Green, most often associated with the environment, is also known for being a colour favoured by cost-aware shoppers, although it can also be used when it comes to finances, signifying wealth. Purple is another colour that is often used to signify wealth, although usually more along the lines of opulence or luxury. It can be used as a fine substitute for blue, should you choose, and brings with it a sense of regality or mystery.
Yellow, preferred by the likes of McDonalds, DHL, Ferrari and Ikea, is typically associated with fun and creativity, and is often used by brands seeking a more youthful audience. Orange, similar to yellow, is seen as playful and light, but retaining a moderate sense of urgency and impulse, something that brands like MasterCard and Dunkin’ Donuts have used very well. Think of it as a happy middle ground between yellow and red.
Finally, of the most common colours used in corporate branding, we have black. Usually associated with power and superiority, it’s no surprise that companies like Nike, Apple, Porsche and Lamborghini have favoured blacks and greys for their corporate identities. Used sparingly, black can create a real sense of grounding for your brand, and often emphasizes other colours to an impressive degree.
Break from Stereotypes
As we touched upon while discussing pink, it’s very important that you don’t take stereotypical associations too seriously when it comes to creating a colour palette for your brand. Don’t be afraid to experiment and try something that’s going to make you stand out from the crowd – sometimes an unexpected approach can make your brand memorable instantaneously. Using colours that are too similar to your main competitors, or brands that dominate your space, can often render you little more than a pretender in the eyes of your target market. By all means, draw upon the ideas that have worked for others, but make sure to stamp your own identity on things, too.
Above All Else: Know Your Audience
By that same note, however, it’s essential to know your target audience. Attempting to be too creative can have its own pitfalls.

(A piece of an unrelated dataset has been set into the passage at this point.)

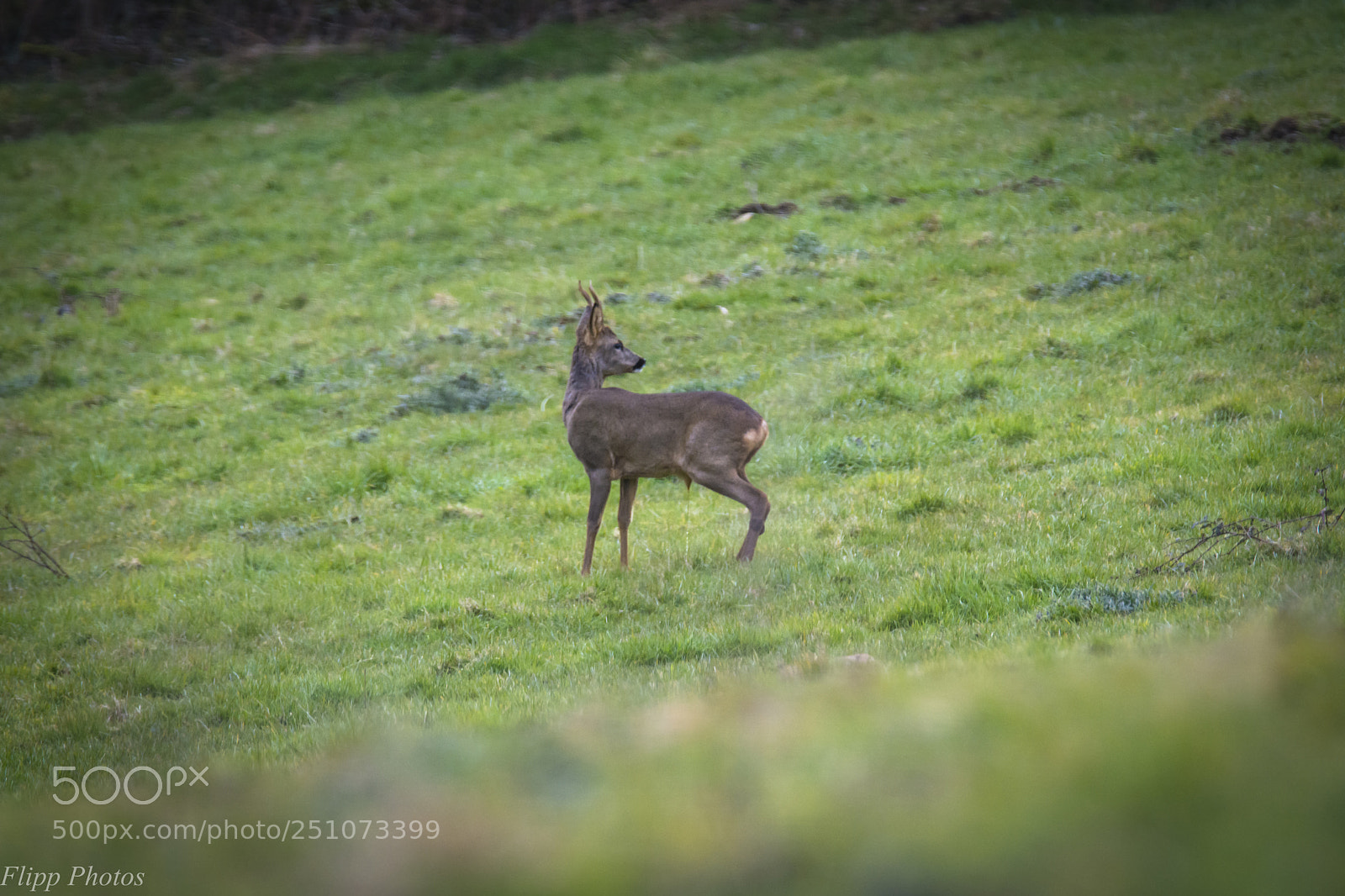 Nikon D5200 sample photo. Breizh animal photography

Associating your brand with a colour that contradicts your core values can lead to confusion on behalf of potential customers, and make you appear unfocused or untrustworthy.
You know your products and services, and you should know your customers, so by working with that data, as well as a general understanding of how certain colours are perceived, it should be possible for you to create a logo, and associated branding elements, that focuses on what makes your company unique, memorable and attractive to potential customers.